Special Issue Editor

Guest Editor
Dr. Darshana Jayemanne

Lecturer, Division of Games and Arts, School of Design and Informatics, Abertay University, Dundee DD1 1HG, UK
Website | E-Mail
Interests: media studies; video games; literary studies; Internet studies; Marxism

Special Issue Information

Dear Colleagues,

"…information must absolutely sound plausible. For this reason, it proves incompatible with the spirit of storytelling. If the art of storytelling has become rare, the dissemination of information has played a decisive role in this state of affairs."—Walter Benjamin, The Storyteller.

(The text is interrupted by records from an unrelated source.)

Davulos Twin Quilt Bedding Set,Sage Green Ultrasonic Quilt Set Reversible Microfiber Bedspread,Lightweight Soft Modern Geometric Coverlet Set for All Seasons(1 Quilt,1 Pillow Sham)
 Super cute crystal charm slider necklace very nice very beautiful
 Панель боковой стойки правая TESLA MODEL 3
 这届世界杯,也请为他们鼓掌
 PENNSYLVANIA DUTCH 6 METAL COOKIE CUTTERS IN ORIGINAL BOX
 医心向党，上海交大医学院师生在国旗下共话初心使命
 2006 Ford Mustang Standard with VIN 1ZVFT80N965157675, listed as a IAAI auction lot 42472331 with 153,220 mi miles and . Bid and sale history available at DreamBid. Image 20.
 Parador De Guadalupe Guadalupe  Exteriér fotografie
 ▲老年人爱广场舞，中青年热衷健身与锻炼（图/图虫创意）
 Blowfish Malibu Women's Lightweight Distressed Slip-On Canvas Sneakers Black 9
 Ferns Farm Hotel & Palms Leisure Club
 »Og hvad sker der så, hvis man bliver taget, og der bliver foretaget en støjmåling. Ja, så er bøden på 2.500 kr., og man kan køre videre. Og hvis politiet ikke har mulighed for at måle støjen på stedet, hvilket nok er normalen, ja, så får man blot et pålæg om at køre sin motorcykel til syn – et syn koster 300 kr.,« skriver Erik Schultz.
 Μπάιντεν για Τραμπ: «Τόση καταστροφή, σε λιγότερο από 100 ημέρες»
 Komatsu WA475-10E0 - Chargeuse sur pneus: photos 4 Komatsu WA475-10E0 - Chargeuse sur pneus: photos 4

Storytelling encompasses narrative. As the vogue for "environmental storytelling" suggests in the case of digital games, narrative is only one way in which games tell stories. Concept and environment artists are storytellers. Character designers are storytellers. Level designers are storytellers. Game designers are storytellers. Marketers are storytellers. Streamers are storytellers.

Narrative encompasses storytelling. For literary critic Walter Benjamin, storytelling is a subset of narrative: one that is indissolubly linked with the figure of the storyteller with whom we "Stay awhile, and listen". Newer forms of narrative such as the novel and the information-rich mass media signal a decline in storytelling. Where the storyteller is the advocate for all created beings, informational narratives are focused on this thing, at this time.

What does the incorporation of our bodies into technological matrices and big data systems —such as we see with the rise of gaming—signal for the fortunes of storytelling? Is it time to further historicise the relations between information, storytellers and storytelling?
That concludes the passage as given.